Is it easy for our foreign guests to travel by public transport in Latvia, Estonia and Finland?

Summer is the best time of the year for rural tourism to relax from a city rush and enjoy the beauty of Latvian nature. Peaceful countryside idyll, bird watching, trying local specialities and participation in traditional arts and crafts workshops – these are just a few of activities that foreign guest wish to experience, thus giving preference to visit the countries of Central Baltic Sea – Latvia, Estonia and Finland instead of many other attractive travel destinations.

To find out the viewpoints of foreign guests in the above mentioned countries regarding their experience of traveling by public transport, the partners of INTERREG Central Baltic Sea “CAITO – Meta cluster for attracting the Japanese tourism market” project group conducted structured interviews with a wide range of rural tourism stakeholders. The central focus of the CAITO project is Japanese tourists, since the number of their visits is increasing due to growing concerns of geopolitical instability in other so far popular tourism destinations in Europe.
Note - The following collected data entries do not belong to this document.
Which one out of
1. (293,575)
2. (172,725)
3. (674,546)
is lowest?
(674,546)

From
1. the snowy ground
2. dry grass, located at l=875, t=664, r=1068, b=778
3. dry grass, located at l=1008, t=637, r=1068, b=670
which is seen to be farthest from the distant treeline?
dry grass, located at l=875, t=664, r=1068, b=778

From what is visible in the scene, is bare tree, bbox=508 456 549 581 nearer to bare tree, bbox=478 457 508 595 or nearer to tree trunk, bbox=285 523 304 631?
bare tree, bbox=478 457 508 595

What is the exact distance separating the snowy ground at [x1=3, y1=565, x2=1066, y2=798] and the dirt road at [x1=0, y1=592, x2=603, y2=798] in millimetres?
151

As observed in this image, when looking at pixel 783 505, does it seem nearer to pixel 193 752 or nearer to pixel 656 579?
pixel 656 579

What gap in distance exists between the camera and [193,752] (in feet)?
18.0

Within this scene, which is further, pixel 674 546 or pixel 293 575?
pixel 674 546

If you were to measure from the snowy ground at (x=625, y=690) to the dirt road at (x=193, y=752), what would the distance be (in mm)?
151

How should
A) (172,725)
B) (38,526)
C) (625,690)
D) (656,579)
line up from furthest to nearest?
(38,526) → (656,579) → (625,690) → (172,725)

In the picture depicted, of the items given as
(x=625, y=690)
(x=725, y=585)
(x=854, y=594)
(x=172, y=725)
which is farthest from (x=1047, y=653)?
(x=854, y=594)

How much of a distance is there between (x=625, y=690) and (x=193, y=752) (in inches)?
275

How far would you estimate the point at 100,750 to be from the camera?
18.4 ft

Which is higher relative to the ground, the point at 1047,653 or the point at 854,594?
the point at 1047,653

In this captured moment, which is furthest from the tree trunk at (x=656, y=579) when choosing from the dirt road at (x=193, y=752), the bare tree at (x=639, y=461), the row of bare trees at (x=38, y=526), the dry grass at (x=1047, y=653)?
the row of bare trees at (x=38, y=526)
Changes in lifestyle also play important role – there is an increasing trend to spend more time in fresh air, taste eco products and try local traditions, which is available outside cities in rural areas.

Tourists who have visited Latvia, Estonia and Finland admit that in the cities public transport system is good, various modes of public transport are optimally integrated to meet the needs of passengers. However, in remote rural areas the situation is not as optimistic – there is a need for more frequent trains/buses, and timetables of various modes of transport often are not integrated causing problems with travel planning.

As tourists often wish to see as many sightseeing objects of one area as possible, it is highly important to have a well-planned route, which efficiently combines several modes of transport. Research results show that currently there are just a few internet sites available where travellers can obtain information about all transport services’ providers, as each transport enterprise mainly provides information only about its own routes, thus travellers often have problems to combine routes of two or more different transport service providers. Moreover, buying tickets is another challenge as, unlike in most of cities, in rural areas traffic time-tables (directions, departure/arrival times) are available only in official language but not in English. A significant problem for travellers in Latvia is that, in accordance with the Latvian State Language Law (Article 21 of the State Language Law), all information that is intended for the public and provided by state or local government institutions must be in Latvian only with a few exceptions (for example, information in international transport centres).

It is easy to find information in Google, but internet access at affordable prices is also essential, which often is a problem for people outside the EU. Visitors to Europe usually have some experience in rural tourism and thus are better prepared for exploring certain places, but most Japanese tourists do not know that there are a lot of nice places in the countryside in our region, so it would be helpful to add transport links with short explanations in English to internet sites, so that visitors themselves could find the necessary information.

Although electronic tickets are accepted on buses and trains of almost all transport companies in the cities, they should, in most cases, be printed on paper. Moreover, it is problematic to purchase tickets for bus ride in rural areas, and although tickets can be bought on-the-go if there are free seats, for many travellers, especially traveller groups, this does not seem a safe way how to plan their route.

One of the research findings suggests that, currently rural bus networks are designed for local people to be used on a daily basis. In particular, in the remote rural areas, “on-demand transport services”/ “dial-a-bus” are increasingly being introduced, resulting in less frequent access to scheduled transport services. This makes it increasingly difficult for tourists to develop timely travel routes and buy tickets well in advance before the date of the trip.

As foreign travellers admit, although people in rural areas are usually kind and responsive, for them it is often difficult to communicate in English; thus, if the bus driver does not speak English, it is almost impossible for foreign tourists to find out at which stop they should get off. In this regard, positive changes are expected in 2021, when Latvian bus route contracts will be renewed as part of the procurement procedure, by which it is intended to provide a stop announcement system on buses in audible and written form on video display screens.